EXTRACTED ENTRIES
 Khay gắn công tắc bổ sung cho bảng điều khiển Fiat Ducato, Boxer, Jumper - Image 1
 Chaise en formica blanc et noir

--

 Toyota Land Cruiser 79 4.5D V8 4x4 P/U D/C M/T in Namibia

==

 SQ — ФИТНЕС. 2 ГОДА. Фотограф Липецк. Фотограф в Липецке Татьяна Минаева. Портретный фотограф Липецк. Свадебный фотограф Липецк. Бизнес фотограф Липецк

WHAT YOU ARE ASKED TO DO
A verbatim transcription is needed of the lines above, starting at the line with "Khay gắn công" and ending at the line with "Chaise en formica blanc et noir", both included, and of nothing else.

YOUR RESPONSE
 Khay gắn công tắc bổ sung cho bảng điều khiển Fiat Ducato, Boxer, Jumper - Image 1
 Chaise en formica blanc et noir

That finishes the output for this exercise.